The results show that private schools produce better academic performance among students than public schools, Underwood stated on OBSERVER AM yesterday.
She highlighted that while public schools have struggled to improve, on the contrary, pass rates for private schools have been increasing, resulting in a 25 percent percentage gap.
“The average pass rate for public schools for years 2014 to 2017 was 67.5 percent compared to the average pass rate for the 12 public schools [in 2018] of 63.7 percent. So, there is a four-percentage point drop,” she said.
“The average pass rate for private schools for the period 2014 to 2017 is 85.3 percent,” she said, adding, “when you look at the 2018 performance, the private schools had a pass rate of 88.5 percent. So, the gap for 2018 in terms of pass rate in the public versus the private schools is 25 percentage point.”
While Underwood did not voice a concrete indication as to the reason for the disparity between private schools and public schools, she stated that there may be some possible reasons that must be studied.
“One of [the possible contributors] may be class size because we tend to see a smaller class size in the private schools than in public schools,” she suggested.
She also added that the country’s national assessment of primary school students in Grade Six classes, may be another indicator, suggesting that the placement of students based on academic prowess was a contributor.
“Another thing that we need to look at is where do we place the top performers [in the Common Entrance]. As we know, the Antigua Grammar School and Antigua Girls High School receive the [best performing students],” she said.
Mathematics remained among one of the most worrisome subjects for students in Antigua and Barbuda.
Underwood said that she was more worried about this trend as results in CSEC Mathematics continued to decline in the country.
“If you look at 2014, our pass rate was 60 percent, in 2015, it dropped to 55 percent, in 2016, it was 42 percent and stayed at 42 percent in 2017 and now in 2018, we are down to 40 percent.”

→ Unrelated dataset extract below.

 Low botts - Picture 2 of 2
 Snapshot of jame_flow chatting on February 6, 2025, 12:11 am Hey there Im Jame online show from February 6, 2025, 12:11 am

While the region also declined overall in the subject area with a pass rate of 48.7 percent, Underwood made note of the cases of Dominica and the British Virgin Islands, who received a 55.4 percent pass rate and 77.9, percent respectively.
While Underwood believes that persons like Keondre Herbert, this year’s top CSEC student, and the top schools should be celebrated by the public, she made it clear that Antigua and Barbuda must recognise that there is an institutional problem creating these trends in the disparity of performances between private and public schools.